Buoy Beer Has Partnered With Mobile Canners to Keep Packaging Beer Following Building Collapse

The business’s food cart, Buoy Too, has parked next to its summer pop-up inside the Astoria Food Hub.

If you were worried your neighborhood grocery store would soon run out of Buoy following the brewery’s building collapse in Astoria, rest assured that your supply of six-packs will be replenished.

Today, the business released an update about its plans to move forward, which includes getting back to canning with the help of Cascadia Canning and Craft Canning + Bottling.

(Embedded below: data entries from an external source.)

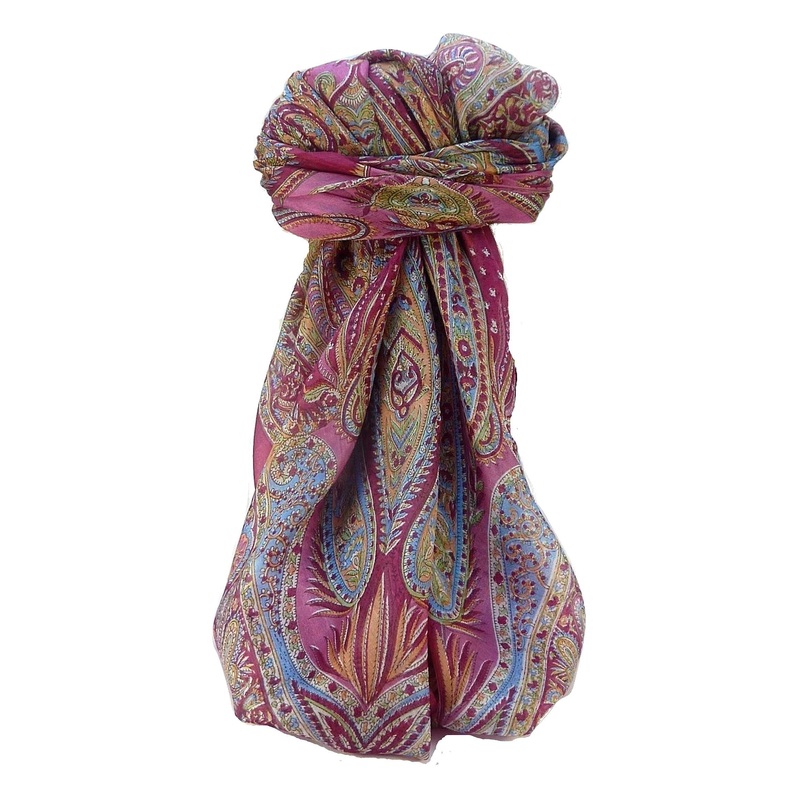 Mulberry Silk Traditional Square Scarf Zayd Rose by Pashmina & Silk | Fruugo SG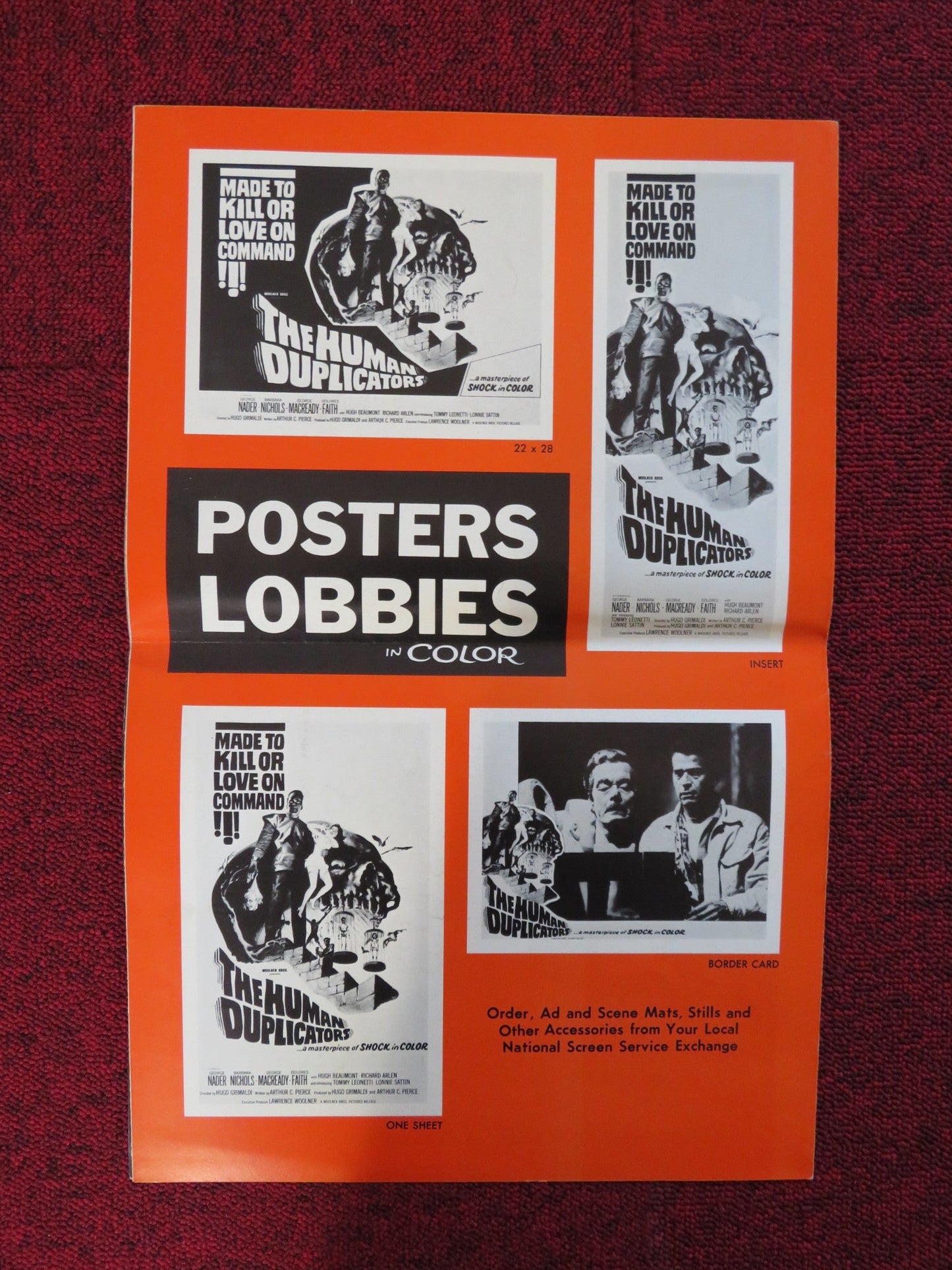 THE HUMAN DUPLICATORS UNCUT FOLDED PRESS BOOK GEORGE NADER BARBARA NICHOLS 1965 Rendezvous Cinema Movie posters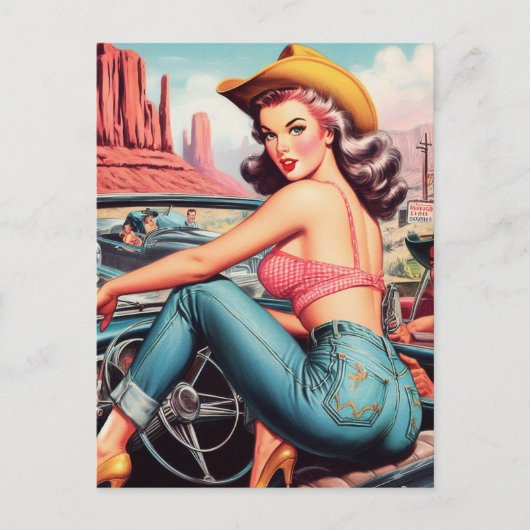 Vintages Cowgirl Button Up Postkarte (Vorderseite)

Buoy began working with the two mobile packagers last week as a temporary solution while it figures out long-term plans for its primary building. That means one less disruption in the chain of networks that gets the company’s Czech-style Pilsners and IPAs in your fridge.

For Buoy, the stopgap is just another quick pivot—a move it has gotten more than used to.

“After the last few years, I don’t think there’s much that our team can’t handle,” co-founder David Kroening stated in a press release. “I continue to be amazed by their determination and how quickly they’ve gotten beer production and a restaurant back up and running. To be canning beer one week after losing half of the production facility and opening a summer pub downtown on the Riverwalk this past weekend is pretty astounding.”

Buoy’s new pop-up, located in the renovated Astoria Food Hub, also now has the assistance of the brewery’s food cart.

Dubbed “Buoy Too,” the mobile kitchen was not damaged in the June 14 building collapse on a pier above the Columbia River. It will serve salads along with a handful of small plates while staff work on launching a larger kitchen at the temporary site.

“When we walked into the newly remodeled Astoria Food Hub space, it was obvious this is where we needed to be,” Kroening added. “Partnering with such a community-minded entity is a natural fit for us. We’re lucky there was an open space, and we look forward to working with the rest of the new tenants as they begin to move in this year.”